Friday Film: Eichmann’s Improbable Executioner

Graphic by Angelie Zaslavsky
After seeing the documentary film “The Hangman,” screening November 15 at the U.K. Jewish Film Festival, it is hard not to think of Shalom Nagar as the Forrest Gump of Israel. Like the character played by Tom Hanks, Nagar improbably finds himself in the midst of historical events and meeting famous (infamous, really) people. And according to the yarns the simple-yet-wise Yemini-Israeli butcher spins for his friends, neighbors and the camera, he even helped shape the history of the modern Jewish State.
“The Hangman” is a small, riveting film by Avigail Sperber and Netalie Braun, grantees of the Foundation for Jewish Culture’s Lynn and Jules Kroll Fund for Jewish Documentary Film. Through it, they tell the story of some of the most pivotal moments in Israeli history through the eyes of the kosher slaughterer who happens to have been Adolf Eichmann’s executioner. Nagar, who was formerly a prison guard, was also posted to the prison in Hebron, where he was among the first Israelis to guard imprisoned Palestinians under Israel’s then-newly established Military Administration. He also happens, according to his version of events, to have been the one to suggest to the Administration that the original settlers in Hebron in 1968 (Rabbi Moshe Levinger and 14 families) be given rooms converted from King Hussein’s stables to live in.
Nagar also happened to be on site when Dr.
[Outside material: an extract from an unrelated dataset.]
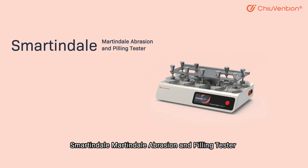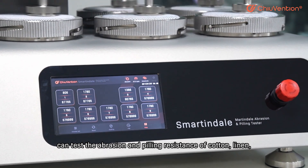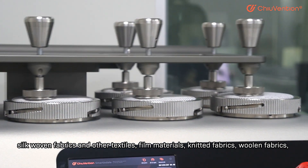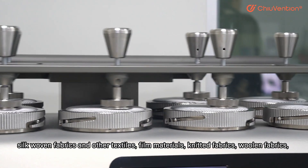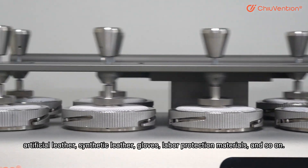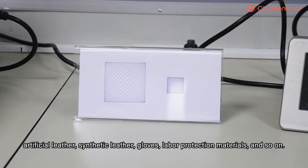The Smartindale Martindale abrasion and pilling tester can test the abrasion and pilling resistance of cotton, linen, silk, woven fabrics, and other textiles, film materials, knitted fabrics, woolen fabrics, artificial leather, synthetic leather, gloves, label protection materials, and so on.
Baruch Goldstein killed 29 and injured 125 Muslims at the Cave of the Patriarchs in 1994. It was following that event that Nagar decided to move his family out of Hebron, where he had lived for many years following Levinger’s invitation to join the settlers. He doesn’t give long political or ideological explanations for why he decided to leave. In his characteristically uncomplicated way, he simply says that things were not good anymore and it was time to go.
Despite his seemingly accepting and God-fearing persona, Shalom Nagar is in many ways a complicated and hard-to-understand individual. Sperber and Braun capture the look in Nagar’s eyes that suggests more to this real-life character than religious platitudes and an affable nature. How could this not be so for a man who was traumatized by having to pull the lever on Eichmann, but who finds peace of mind slaughtering animals on a daily basis?